Monthly Archives: March 2015

Comments on Rio Tinto v. Vale and Sample Size

Judge Peck recently issued an opinion in Rio Tinto PLC v. Vale SA, et al, Case 1:14-cv-03042-RMB-AJP where he spent some time reflecting on the state of court acceptance of technology-assisted review (a.k.a. predictive coding).  The quote that will surely grab headlines is on page 2: “In the three years since Da Silva Moore, the case law has developed to the point that it is now black letter law that where the producing party wants to utilize TAR for document review, courts will permit it.”  He lists the relevant cases and talks a bit about transparency and disclosing seed sets.  It is certainly worth reading.

Both parties in Rio Tinto v. Vale have agreed to disclose all non-privileged documents, including non-responsive documents, from their control sets, seed sets, and training sets. Judge Peck accepts their protocol because they both agree to it, but hints that disclosing seed sets may not really be necessary (p. 6, “…requesting parties can insure that training and review was done appropriately by other means…”).
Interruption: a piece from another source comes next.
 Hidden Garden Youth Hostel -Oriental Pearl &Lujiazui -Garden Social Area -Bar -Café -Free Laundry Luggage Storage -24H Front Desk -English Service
I find one other aspect of the protocol the litigants proposed to be worthy of comment.  They make a point of defining a “Statistically Valid Sample” on p. 11 to be one that gives +/- 2% margin of error at 95% confidence, and even provide an equation to compute the sample size in footnote 2.  Their equation gives a sample size of at most 2,395 documents, depending on prevalence.  They then use the “Statistically Valid Sample” term in contexts where it isn’t (as they’ve defined it) directly appropriate.  I don’t know if this is just sloppiness (missing details about what they actually plan to do) or a misunderstanding of statistics.
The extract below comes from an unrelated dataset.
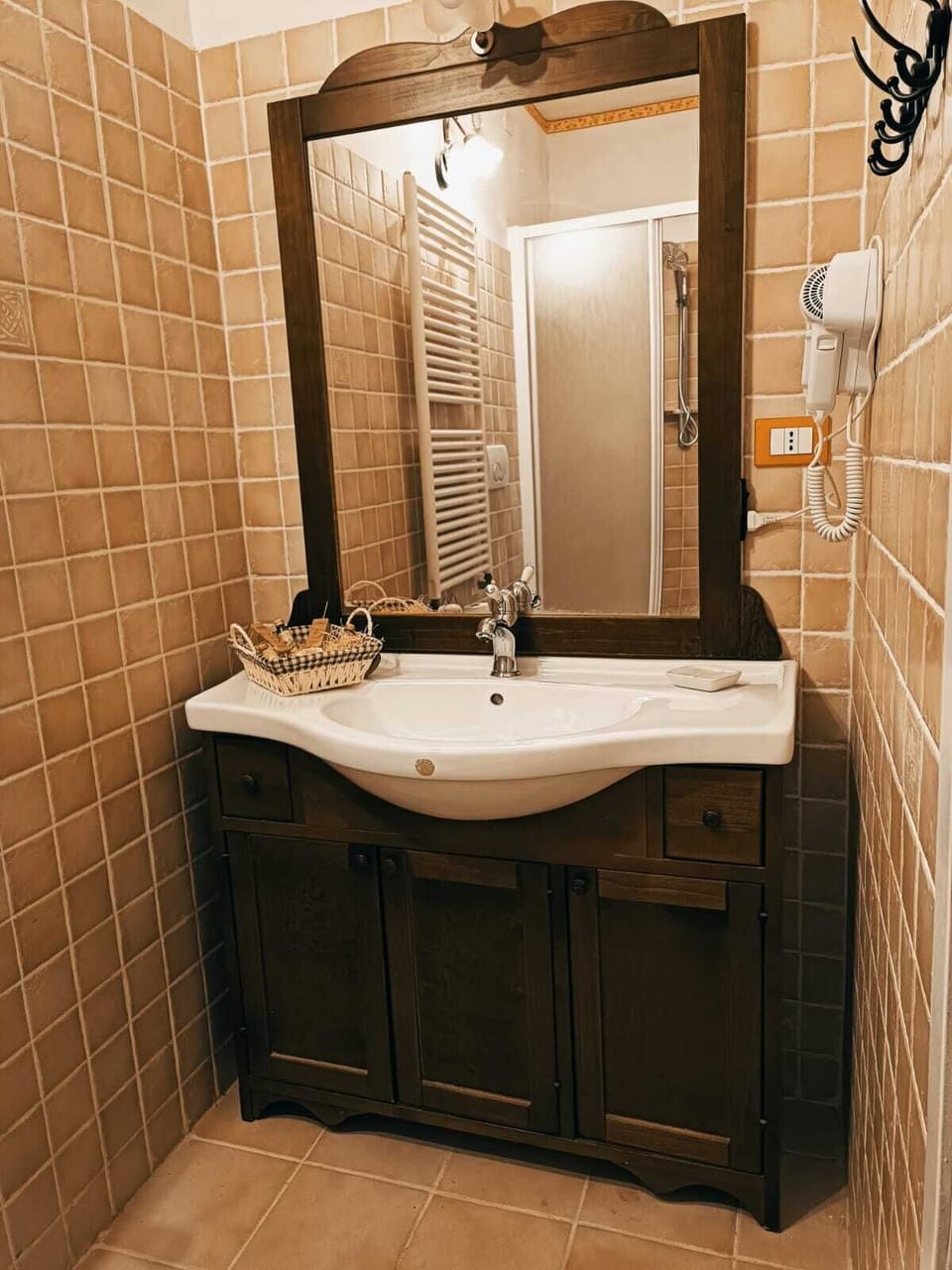 Eco-friendly toiletries, hair dryer, slippers, bidet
For example, section 4.a.ii on p. 13 contemplates culling before application of predictive coding, and says they will “Review a Statistically Valid Sample from the Excluded Documents.”  Kudos to them for actually measuring how many relevant documents they are culling instead of just assuming that keyword search results should be good enough without any analysis, but 2,395 documents is not the right sample size.  The more documents you are culling, the more precisely you need to know what proportion of them were relevant in order to have a reasonably precise value for the number of relevant documents culled, which is what matters for computing recall.  In other words, a +/- 2% measurement on the culled set does not mean +/- 2% for recall.  I described a similar situation in more detail in my Predictive Coding Confusion article under the heading “Beware small percentages of large numbers.”  My eRecall: No Free Lunch article also discusses similar issues.
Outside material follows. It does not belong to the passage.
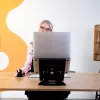 R-Go Tools sülearvuti alus R-Go Riser Document, ergonoomiline, kokkupandav ja reguleeritav alus dokumendihoidjaga, must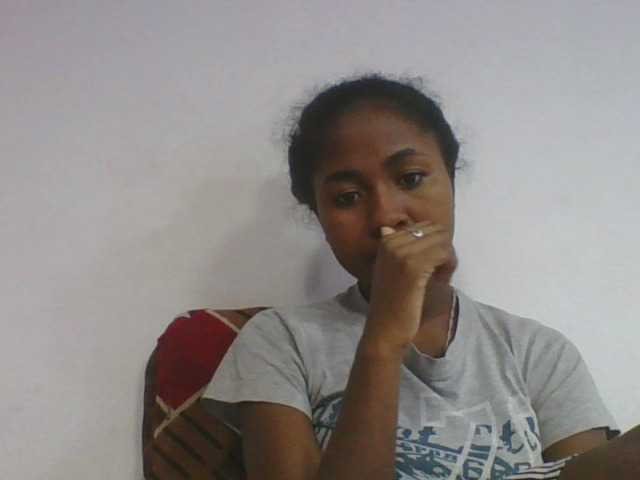 Marinah1a live cam on BongaCams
Section 4.b on p. 13 says that the control set will be a Statistically Valid Sample that will be used to measure prevalence.  They explain in a separate letter to Judge Peck on p. 9 that the control set will be used to track progress by estimating precision and recall. Do they intend to use 2,395 (or fewer) documents for the control set?  Suppose only one of the 2,395 documents is actually relevant.  That would give a prevalence estimate of 0.0011% to 0.2321% with 95% confidence (via this calculator), which is certainly better than the required +/- 2%, but it is useless for tracking progress because the uncertainty is huge compared to the value itself.  If they had a million documents, the estimate would tell them that somewhere between 11 and 2,321 of them are relevant.  So, if they found 11 relevant documents with their predictive coding software they would estimate that they achieved somewhere between 0.5% and 100% recall.  To look at it a little differently, if they looked at their system’s prediction for the control set they would find that it either correctly predicted that the one relevant document was relevant (100% recall) or they would find that it was predicted incorrectly (0% recall), with dumb luck being a big factor in which result they got.

Maybe they intended that the control set contain 2,395 relevant documents, which would give a recall estimate accurate to +/- 2% with 95% confidence (more precise than really seems worthwhile for a control set) by measuring the percentage of relevant documents in the control set that are predicted correctly.  If prevalence is 10%, the control set would need to contain about 23,950 documents to have 2,395 that are relevant.  If prevalence is 1%, the control set would require about 239,500 documents.  That sure seems like a lot of documents to review just to create a control set.  The point is that it is the number of relevant documents in the control set, not the number of documents, that determines how precisely the control set can measure recall.  Their protocol does say that the requesting party will have ten business days to check the control set if it is more than 4,000 documents, so it does seem that they’ve contemplated the possibility of using more than 2,395 documents in the control set, but the details of what they are really planning to do are missing.  Of course, the control set is there to help the producing party optimize their process, so it is their loss if they get it wrong (assuming there is separate testing that would detect the problem, as described in section 4.f).

Finally, section 4.f on p. 16 talks about taking a Statistically Valid Sample from the documents that are predicted to be non-relevant to estimate the number of relevant documents that were missed by predictive coding, leading to a recall estimate.  This has the same problem as the culling in section 4.a.ii — the size of the sample that is required to achieve a desired level of uncertainty in the recall depends on the size of the set of documents being culled, whether the culling is due to keyword searching before applying predictive coding or whether the culling is due to discarding documents that the predictive coding system predicts are non-relevant.

If the goal is to arrive at a reasonably precise estimate of recall (and, I’m certainly not arguing that +/- 2% should be required), it is important to keep track of how the uncertainty from each sample propagates through to the final recall result (e.g. it may be multiplied by some large number of culled documents) when choosing an appropriate sample size.  I may be nitpicking, but it strikes me as odd to lay out a specific formula for calculating sample size and then not mention that it cannot be applied directly for the sampling that is actually being contemplated.